Il progetto è stato illustrato durante il convegno sulla campagna vitivinicola 2017, svoltosi il 27 luglio, presso il Teatro parrocchiale di San Pietro in Cariano (VR). Focus sullo stato dell’arte della “Valpolicella Sostenibile” e sui consumi e percezione dei vini sostenibili negli USA. Le aziende certificate “RRR” avranno ufficialmente la possibilità di accedere ad un fondo mutualistico a difesa della Peronospora, una delle più diffuse e temute patologie della vite. Come sottolineato dal direttore del Consorzio, Olga Bussinello “Si tratta di un segno tangibile dell’importanza attribuita dai Consorzi di difesa al nostro protocollo RRR”. 

 

RUBRICA: APPROFONDIMENTI

 

agosto3

 

I VINI SOSTENIBILI NEGLI STATI UNITI

In seguito alla recente survey condotta da Nomisma per il Consorzio Vini Valpolicella, sulla profilazione del consumatore di vini sostenibili negli USA, è emerso l’identikit dell’acquirente tipo, che risulta essere: Millennials, maschio, con titolo di studio e reddito elevato. La survey ha messo in evidenza come la sostenibilità ambientale rappresenti, dopo il terrorismo e l’assistenza sanitaria, il terzo motivo di preoccupazione più sentito dagli americani. Ed è anche sull’onda di questa sensibilità che si inserisce l’acquisto dei diversi vini sostenibili – per la maggior parte di origine californiana e australiana – comprati oggi da 2 consumatori statunitensi su 10. Chi non consuma vini sostenibili, invece, lamenta una ridotta diffusione e promozione, oltre che la difficile identificazione. Senza tralasciare che tra chi oggi non li compra, il 56% si dichiara disposto a spendere di più per un vino sostenibile, mentre ben l’86% dichiara comunque un interesse potenziale all’acquisto. Infine, ad identificare la sostenibilità in un vino per il consumatore US, nelle prime cinque posizioni figurano, rispettivamente, la riduzione nell’utilizzo di pesticidi e fertilizzanti, il risparmio idrico, il rispetto per la biodiversità, il risparmio energetico e la contestuale riduzione delle emissioni di anidride carbonica e infine la garanzia di giusto reddito per il produttore.

 

RUBRICA: ATTUALITÀ

 

agosto4

 

I MILLENNIALS NEGLI USA BEVONO PIU’ VINO E MENO BIRRA

La nota banca d’affari Goldman Sachs, ha declassato la Boston Beer Company e la Constellation Brands a causa delle vendite “fiacche” di birra e l'attrattiva crescente delle nuove generazioni nei confronti del vino.

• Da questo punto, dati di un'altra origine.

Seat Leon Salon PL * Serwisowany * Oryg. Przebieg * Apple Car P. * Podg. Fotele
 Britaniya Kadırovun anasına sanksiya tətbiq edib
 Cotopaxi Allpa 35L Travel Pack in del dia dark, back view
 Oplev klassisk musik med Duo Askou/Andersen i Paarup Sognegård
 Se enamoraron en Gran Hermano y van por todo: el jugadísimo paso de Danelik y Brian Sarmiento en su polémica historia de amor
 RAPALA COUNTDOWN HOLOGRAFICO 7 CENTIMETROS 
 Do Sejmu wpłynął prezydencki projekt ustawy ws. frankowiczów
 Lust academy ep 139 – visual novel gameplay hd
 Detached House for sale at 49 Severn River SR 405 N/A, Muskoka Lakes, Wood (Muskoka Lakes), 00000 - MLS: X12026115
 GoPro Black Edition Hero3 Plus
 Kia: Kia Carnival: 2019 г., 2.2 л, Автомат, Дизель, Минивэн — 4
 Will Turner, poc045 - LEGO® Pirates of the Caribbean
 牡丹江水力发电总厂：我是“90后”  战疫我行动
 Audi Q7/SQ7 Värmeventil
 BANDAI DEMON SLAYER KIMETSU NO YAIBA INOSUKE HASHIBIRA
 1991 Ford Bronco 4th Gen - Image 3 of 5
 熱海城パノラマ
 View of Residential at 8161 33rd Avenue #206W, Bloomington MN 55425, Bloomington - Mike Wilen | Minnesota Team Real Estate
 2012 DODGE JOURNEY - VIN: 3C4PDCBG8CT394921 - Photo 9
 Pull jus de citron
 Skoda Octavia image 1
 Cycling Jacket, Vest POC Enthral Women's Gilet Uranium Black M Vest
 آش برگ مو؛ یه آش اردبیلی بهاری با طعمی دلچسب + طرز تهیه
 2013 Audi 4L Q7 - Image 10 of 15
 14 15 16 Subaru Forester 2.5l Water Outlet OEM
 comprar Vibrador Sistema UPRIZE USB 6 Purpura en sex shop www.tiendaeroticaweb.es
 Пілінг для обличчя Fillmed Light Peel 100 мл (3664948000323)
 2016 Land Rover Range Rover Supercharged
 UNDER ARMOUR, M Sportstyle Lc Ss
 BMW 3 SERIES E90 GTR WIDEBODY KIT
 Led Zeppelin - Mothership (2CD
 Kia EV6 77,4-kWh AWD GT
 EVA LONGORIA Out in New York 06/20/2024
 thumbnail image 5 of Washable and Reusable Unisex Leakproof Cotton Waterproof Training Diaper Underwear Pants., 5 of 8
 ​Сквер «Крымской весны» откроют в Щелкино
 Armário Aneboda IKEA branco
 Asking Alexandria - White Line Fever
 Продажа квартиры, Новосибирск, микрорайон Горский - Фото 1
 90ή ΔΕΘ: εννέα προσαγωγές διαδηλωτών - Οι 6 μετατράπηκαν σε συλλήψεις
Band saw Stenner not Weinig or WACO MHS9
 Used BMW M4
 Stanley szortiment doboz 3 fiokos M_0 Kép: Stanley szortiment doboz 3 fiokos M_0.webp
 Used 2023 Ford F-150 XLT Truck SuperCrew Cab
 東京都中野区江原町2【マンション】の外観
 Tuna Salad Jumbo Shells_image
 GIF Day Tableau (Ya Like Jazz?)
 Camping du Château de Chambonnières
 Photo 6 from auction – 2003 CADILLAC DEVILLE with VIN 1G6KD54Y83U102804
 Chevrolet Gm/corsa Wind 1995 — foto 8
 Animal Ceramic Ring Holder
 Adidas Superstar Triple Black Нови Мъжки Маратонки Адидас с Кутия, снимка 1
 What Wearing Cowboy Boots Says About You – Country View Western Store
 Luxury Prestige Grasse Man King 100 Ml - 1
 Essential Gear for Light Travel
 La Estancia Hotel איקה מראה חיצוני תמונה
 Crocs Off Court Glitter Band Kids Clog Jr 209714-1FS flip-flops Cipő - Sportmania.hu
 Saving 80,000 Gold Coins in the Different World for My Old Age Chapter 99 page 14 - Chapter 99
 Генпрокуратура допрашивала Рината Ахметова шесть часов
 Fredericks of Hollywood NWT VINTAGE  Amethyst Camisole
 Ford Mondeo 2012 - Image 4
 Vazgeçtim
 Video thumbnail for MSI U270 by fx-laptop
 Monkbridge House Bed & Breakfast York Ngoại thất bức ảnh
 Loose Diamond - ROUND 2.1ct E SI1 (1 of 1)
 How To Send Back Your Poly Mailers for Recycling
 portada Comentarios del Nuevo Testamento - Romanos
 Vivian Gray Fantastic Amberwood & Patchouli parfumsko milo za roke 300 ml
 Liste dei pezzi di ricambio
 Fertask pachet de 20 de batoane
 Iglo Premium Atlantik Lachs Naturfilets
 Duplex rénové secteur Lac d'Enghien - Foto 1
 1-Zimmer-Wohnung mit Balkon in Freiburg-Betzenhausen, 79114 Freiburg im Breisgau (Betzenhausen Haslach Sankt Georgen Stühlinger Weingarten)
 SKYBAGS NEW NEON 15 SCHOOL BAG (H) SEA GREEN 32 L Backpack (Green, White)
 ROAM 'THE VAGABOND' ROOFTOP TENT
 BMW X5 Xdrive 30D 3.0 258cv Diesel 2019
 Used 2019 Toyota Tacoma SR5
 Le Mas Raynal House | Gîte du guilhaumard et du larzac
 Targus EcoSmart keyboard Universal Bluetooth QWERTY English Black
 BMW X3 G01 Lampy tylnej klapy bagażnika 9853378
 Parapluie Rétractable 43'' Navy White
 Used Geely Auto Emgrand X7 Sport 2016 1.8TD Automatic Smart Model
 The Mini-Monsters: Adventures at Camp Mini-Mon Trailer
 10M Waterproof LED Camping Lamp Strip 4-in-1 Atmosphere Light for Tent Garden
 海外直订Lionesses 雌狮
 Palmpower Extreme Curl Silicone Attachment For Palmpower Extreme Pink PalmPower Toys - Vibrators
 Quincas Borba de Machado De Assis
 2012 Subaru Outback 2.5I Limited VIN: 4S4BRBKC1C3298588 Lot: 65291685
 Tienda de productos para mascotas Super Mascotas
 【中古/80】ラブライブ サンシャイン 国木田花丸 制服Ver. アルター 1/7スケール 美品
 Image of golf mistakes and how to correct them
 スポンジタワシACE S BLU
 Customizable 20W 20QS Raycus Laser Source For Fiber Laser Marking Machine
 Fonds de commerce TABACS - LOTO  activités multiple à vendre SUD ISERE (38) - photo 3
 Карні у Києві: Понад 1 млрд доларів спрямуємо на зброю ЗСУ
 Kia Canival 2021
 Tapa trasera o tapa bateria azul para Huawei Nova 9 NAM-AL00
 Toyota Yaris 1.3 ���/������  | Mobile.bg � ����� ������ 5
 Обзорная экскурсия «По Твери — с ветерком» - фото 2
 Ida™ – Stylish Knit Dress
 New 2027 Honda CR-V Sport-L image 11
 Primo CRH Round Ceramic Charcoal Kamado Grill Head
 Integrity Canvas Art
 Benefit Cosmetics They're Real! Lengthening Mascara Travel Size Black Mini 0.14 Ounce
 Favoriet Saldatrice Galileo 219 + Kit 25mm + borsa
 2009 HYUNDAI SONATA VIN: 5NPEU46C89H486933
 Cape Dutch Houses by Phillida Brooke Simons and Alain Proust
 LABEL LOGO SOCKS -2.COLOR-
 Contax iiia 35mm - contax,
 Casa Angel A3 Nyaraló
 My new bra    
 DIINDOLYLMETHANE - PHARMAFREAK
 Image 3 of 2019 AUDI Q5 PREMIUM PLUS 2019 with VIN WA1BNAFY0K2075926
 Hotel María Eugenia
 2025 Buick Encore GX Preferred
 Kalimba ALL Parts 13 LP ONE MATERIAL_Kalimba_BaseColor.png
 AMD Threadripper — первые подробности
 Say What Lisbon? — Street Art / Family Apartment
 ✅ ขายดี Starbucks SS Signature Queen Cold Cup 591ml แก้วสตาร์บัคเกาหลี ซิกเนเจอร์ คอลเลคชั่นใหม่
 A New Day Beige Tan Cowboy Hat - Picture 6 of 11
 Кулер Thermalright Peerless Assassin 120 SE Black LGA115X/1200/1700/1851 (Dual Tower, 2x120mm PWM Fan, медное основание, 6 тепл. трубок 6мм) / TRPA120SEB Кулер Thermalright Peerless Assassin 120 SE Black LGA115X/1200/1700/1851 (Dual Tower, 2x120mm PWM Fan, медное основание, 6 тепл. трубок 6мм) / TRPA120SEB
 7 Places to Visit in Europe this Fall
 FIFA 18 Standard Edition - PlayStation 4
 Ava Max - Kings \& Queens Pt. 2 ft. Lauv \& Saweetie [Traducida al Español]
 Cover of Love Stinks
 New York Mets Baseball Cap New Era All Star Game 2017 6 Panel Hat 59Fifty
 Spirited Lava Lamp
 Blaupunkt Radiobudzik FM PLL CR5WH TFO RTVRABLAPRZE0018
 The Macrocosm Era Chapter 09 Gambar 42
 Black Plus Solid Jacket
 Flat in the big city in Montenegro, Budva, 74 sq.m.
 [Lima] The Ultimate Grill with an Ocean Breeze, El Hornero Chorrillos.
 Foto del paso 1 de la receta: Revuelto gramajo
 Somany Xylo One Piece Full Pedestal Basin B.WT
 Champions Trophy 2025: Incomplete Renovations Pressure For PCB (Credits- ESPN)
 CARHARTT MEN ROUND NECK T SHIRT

A dichiararlo, la tv americana specializzata nell’ambito economico CNBC. "Come abbiamo studiato nel 2014, ci aspettavamo un ripiego ciclico del consumo totale di alcool dopo la recessione", ha dichiarato Freda Zhuo, analista principale di Goldman Sachs. "La causa è che i gruppi più giovani si stanno sempre più allontanando dalla birra". G.S infine, evidenzia come le nuove generazioni si stiano orientando verso un consumo meno quantitativo e sempre più qualitativo, come quello di alcol e liquori.